I looked into getSplitsForFile() fn of NLineInputFormat. I found that a InputStream is created for the input file & then its iterated and splits are created every n lines. Is it efficient? Particularly when this read operation is happening on 1 node before launching a mapper task. What if 1 have 5gb of file. Basically it means file data is seeked twice, once during the split creation & once during read from the mapper tasks. If this is a bottleneck how does hadoop job overrides this?
public static List<FileSplit> getSplitsForFile(FileStatus status,
Configuration conf, int numLinesPerSplit) throws IOException {
List<FileSplit> splits = new ArrayList<FileSplit> ();
Path fileName = status.getPath();
if (status.isDirectory()) {
throw new IOException("Not a file: " + fileName);
}
FileSystem fs = fileName.getFileSystem(conf);
LineReader lr = null;
try {
FSDataInputStream in = fs.open(fileName);
lr = new LineReader(in, conf);
Text line = new Text();
int numLines = 0;
long begin = 0;
long length = 0;
int num = -1;
<!-- my part of concern start -->
while ((num = lr.readLine(line)) > 0) {
numLines++;
length += num;
if (numLines == numLinesPerSplit) {
splits.add(createFileSplit(fileName, begin, length));
begin += length;
length = 0;
numLines = 0;
}
}
<!-- my part of concern end -->
if (numLines != 0) {
splits.add(createFileSplit(fileName, begin, length));
}
} finally {
if (lr != null) {
lr.close();
}
}
return splits;
}
Editing to provide my usecase to clément-mathieu
My data sets are big input files 2gb approx each. Each line in the files represent a record that needs to be inserted into the database's table (in my case cassandra) I want to limit the bulk transactions to my database to every n-lines. I have succeeded to do this using nlineinputformat. My only concern is if there is a hidden performance bottleneck that might show up in production.
Basically it means file data is seeked twice, once during the split creation & once during read from the mapper tasks.
Yes.
The purpose of this InputFormat
is to create a split for every N-lines. The only way to compute the split boundaries is to read this file and find the new line characters. This operation can be costly, but you cannot avoid it if this is what you need.
If this is a bottleneck how does hadoop job overrides this?
Not sure to understand the question.
NLineInputFormat is not the default InputFormat and very few use cases require it. If you read the javadoc of the class you will see that this class mainly exists to feed the parameters to embarrassingly parallel jobs (= "small" input files).

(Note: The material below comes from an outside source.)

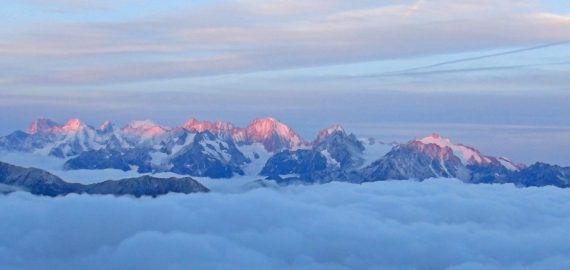 Mont Blanc range seen from Cab. Mont Fort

Most of the InputFormat do no need to read the file to compute the splits. They usually use hard rules like a split should be 128MB or one split for each HDFS block and the RecordReaders will take care of the real start/end-of-split offset.

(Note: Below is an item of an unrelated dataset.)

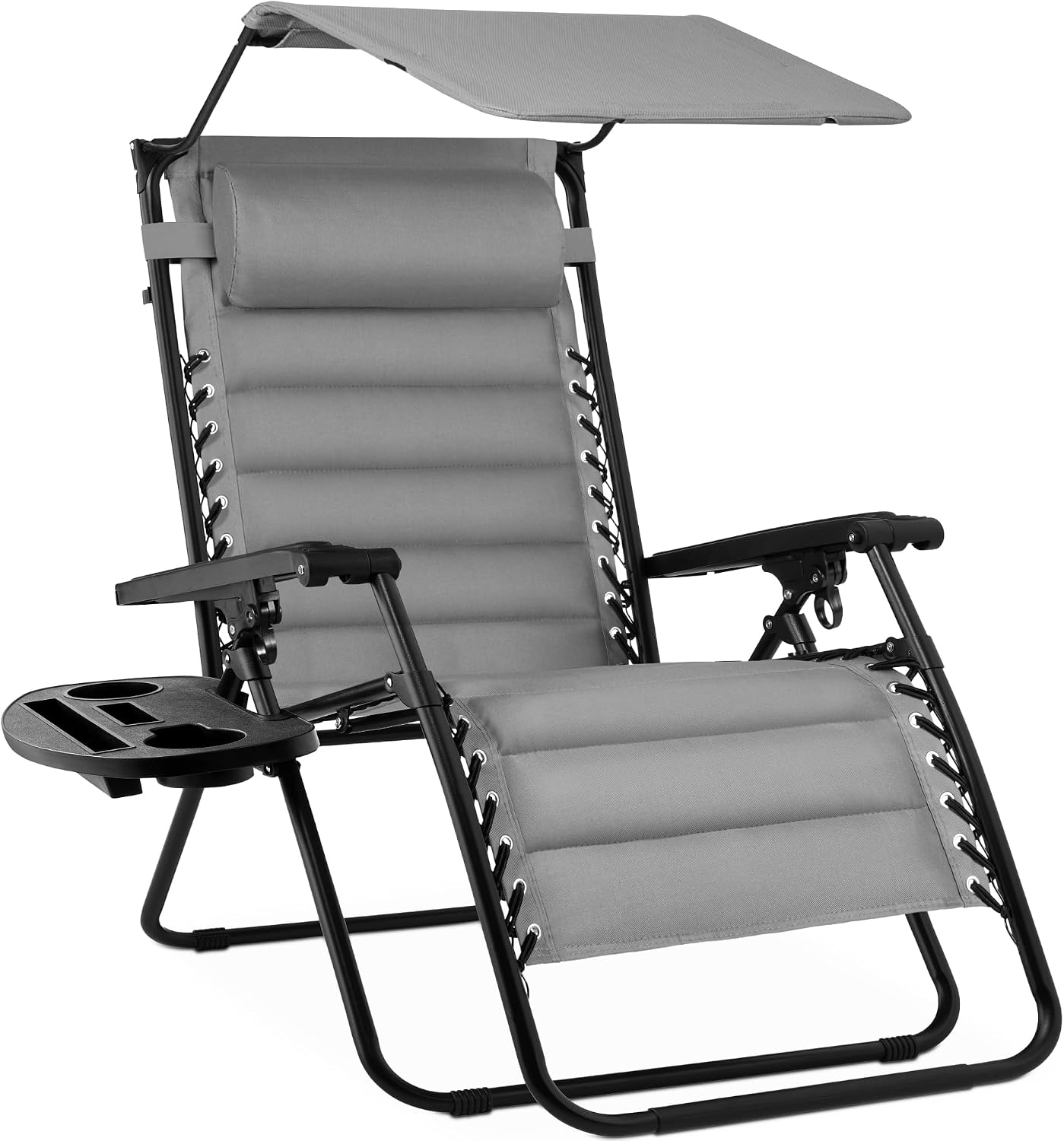 Best Choice Products Oversized Padded Zero Gravity Chair, Folding Outdoor Patio Recliner, XL Anti Gravity Lounger for Backyard w/Headrest, Cup Holder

If the cost of NLineInputFormat.getSplitsForFile
is an issue I would really review why I need to use this InputFormat
. What you want to do is to limit the batch size of a business process in your mapper. With NLineInputFormat
a mapper is created for every N lines, it means that a mapper will never do more than one bulk transaction. You don't seems to need this feature, you only want to limit the size of a bulk transaction but don't care if a mapper does several of them sequentially. So you are paying the cost of the code you spotted for nothing in return.
I would use TextInputFormat
and create the batch in the mapper. In pseudo code:
setup() {
buffer = new Buffer<String>(1_000_000);
}
map(LongWritable key, Text value) {
buffer.append(value.toString())
if (buffer.isFull()) {
new Transaction(buffer).doIt()
buffer.clear()
}
}
cleanup() {
new Transaction(buffer).doIt()
buffer.clear()
}
By default a mapper is created per HDFS block. If you think this is too much or little, mapred.(max|min).split.size
variables allow to increase or decrease the parallelism.
Basically, while convenient NLineInputFormat
is too fine grained for what you need. You can achieve almost the same thing using TextInputFormat
and playing with *.split.size
which does not involve reading the files to create the splits.